Hay múltiples enfoques para entender (vivir) lo que significa competir, entre los cuales uno estimula y el otro erosiona.
Búsquese competir contra otro para demostrar que uno es mejor (más alto, más guapo, más rubio) y, previsiblemente, nunca hallará final en la comparativa: siempre habrá alguien mejor preparado, más inteligente, con más dinero, con novias más arquetípicas, más, más, más. Frustrante. No hay fin.
Luego hay otro enfoque: el del que compite consigo mismo, elevando su propio listón... al competir contra otro a quien considera un digno rival.

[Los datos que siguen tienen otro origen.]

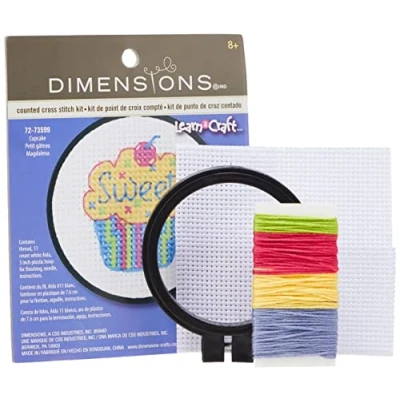 Image of Dimensions 72 73599 Cupcakes Learn a Craft Counted Cross Stitch Kit, Polyester Blend, Multi Colour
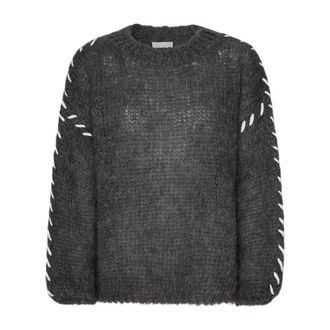 Americandreams Catia Mohair Stitch Pullover - Dames - Ronde hals truien - Grijs - S/M - Wol - Truien & Vesten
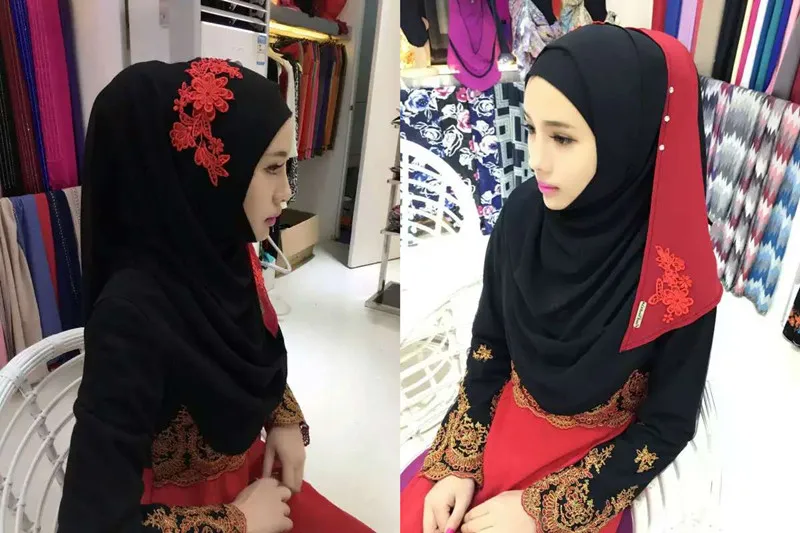 Мусульманский женский хиджаб шифоновый шарф с вышивкой с капюшоном мгновенные шарфы-банданы Кепка шаль абайя головной убор Арабский исламский(без нижнего белья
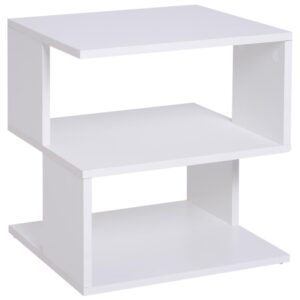 Oigger Tavolino da Caffè 2 Ripiani Aperti Design Moderno Salotto Soggiorno Legno 40x40x43cm Bianco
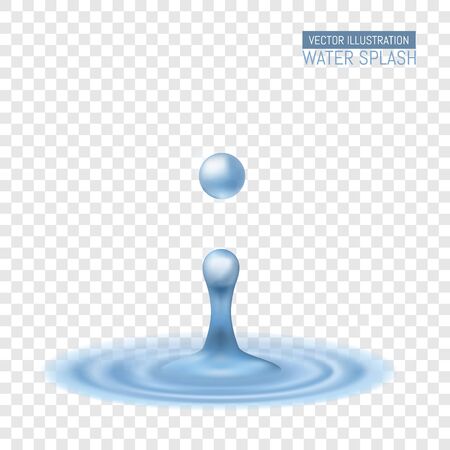 Realistic Water splash. Water drop. Waves on surfaceのイラスト素材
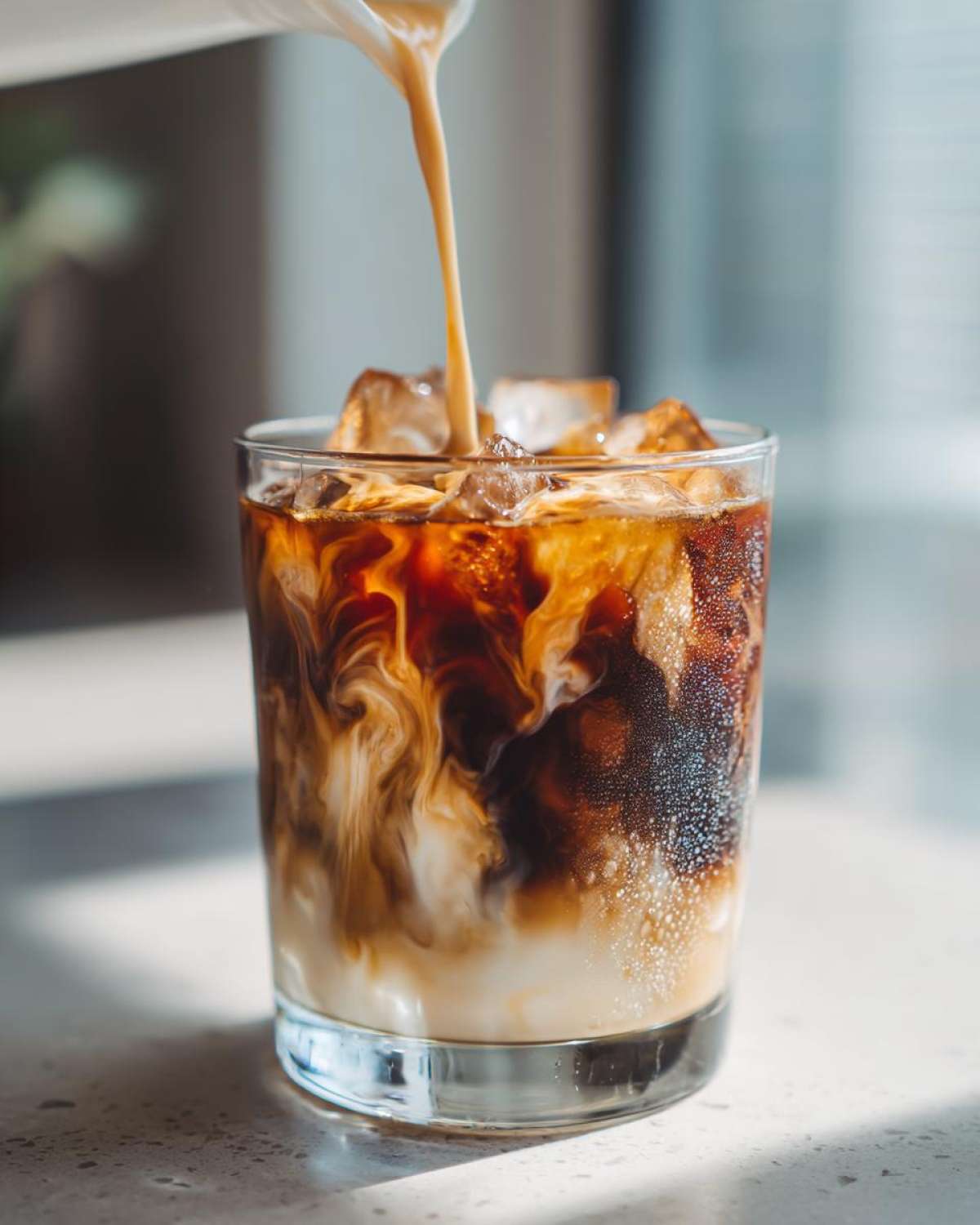 Close-up of milk being poured into ice and coffee to create an Iced Honey Almond Milk Latte, showing beautiful swirls.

Este rival, en sí, no es un enemigo - sino la espuela que mueve a nuestro protagonista a subir cada vez más la apuesta sobre sí mismo: "a ver qué soy capaz de conseguir", se dice.
Su rival se convierte así en su espejo: si su rival le supera, es tiempo de trabajarse. Si su rival pierde, la autocomplacencia le aguarda silenciosa a su espalda. Este rival no es despreciado; al contrario, es respetado y admirado - pues gracias a él uno crece. Sin él, uno se vuelve arrogante.
Esa es la competición que expande horizontes, amplia nuestro aprendizaje, nos provoca a alcanzar. No nos picamos con el otro: nos picamos con nosotros mismos ante la magnificencia del otro.
Sentirse grande mediante la supresión del otro ("me siento más que mi pareja, mi compañero..." o que alguien más débil) no es solo miserable: revela precisamente lo que cree ocultar - su baja autoconfianza.
Qué buena oportunidad para subir ese listón.